:: Information given ::

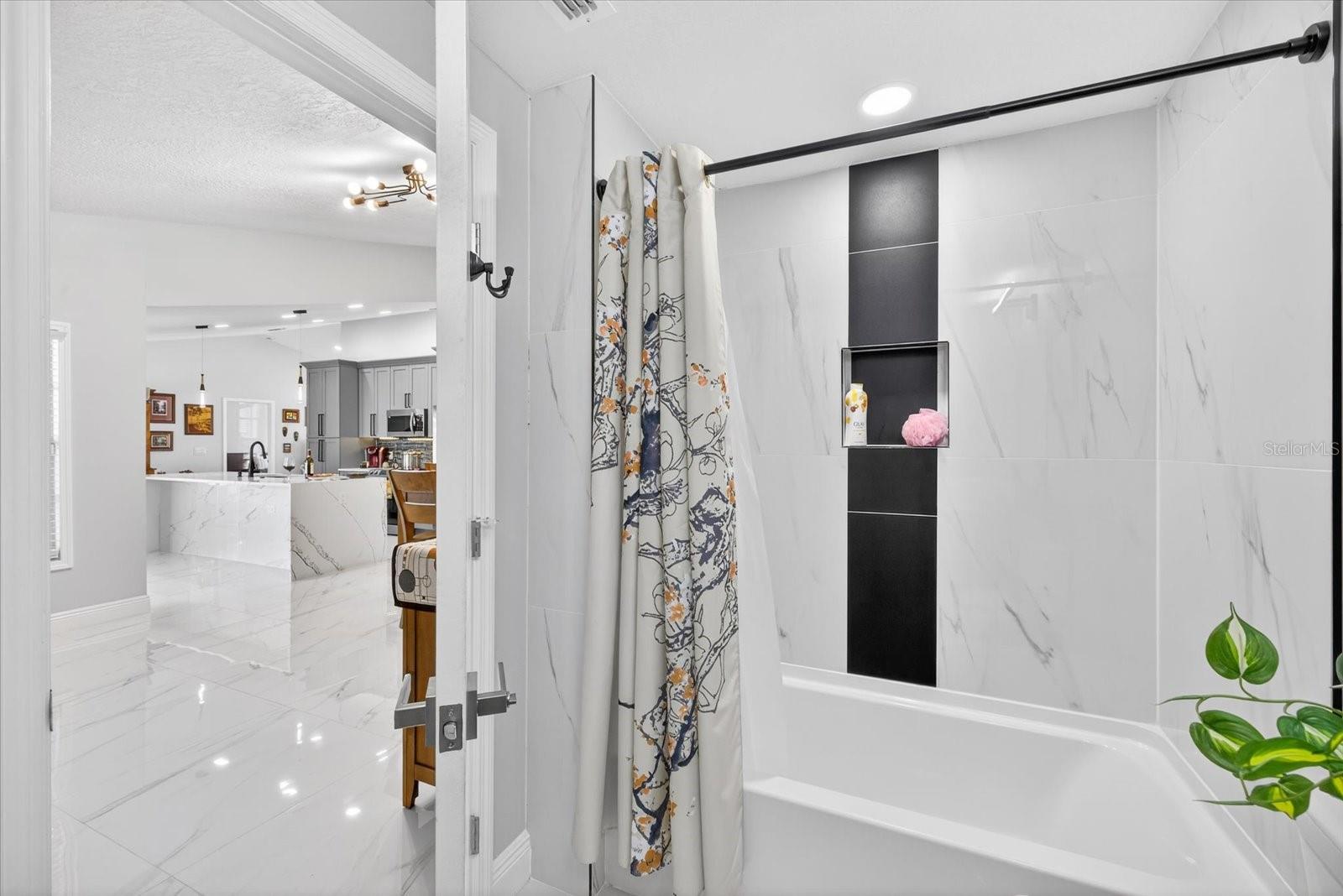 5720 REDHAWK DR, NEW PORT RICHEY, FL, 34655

:::
:: Information given ::

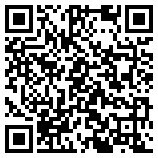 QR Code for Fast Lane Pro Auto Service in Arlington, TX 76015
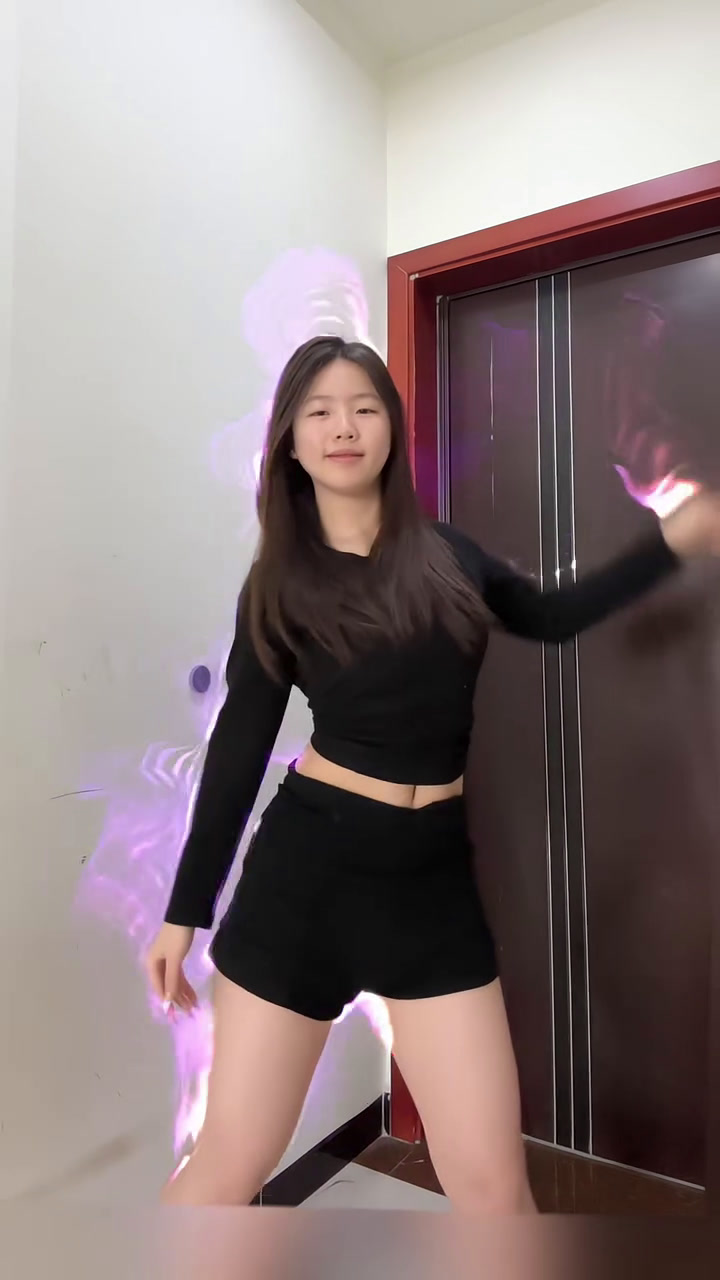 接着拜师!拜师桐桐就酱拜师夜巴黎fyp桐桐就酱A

:::

## Problem description:
Exact copy, pictures excluded: every line above from the one containing "QR Code for" to the one containing "接着拜师!拜师桐桐就酱拜师夜巴黎fyp桐桐就酱A", inclusive, and nothing more.

## Your solution:
 QR Code for Fast Lane Pro Auto Service in Arlington, TX 76015
 接着拜师!拜师桐桐就酱拜师夜巴黎fyp桐桐就酱A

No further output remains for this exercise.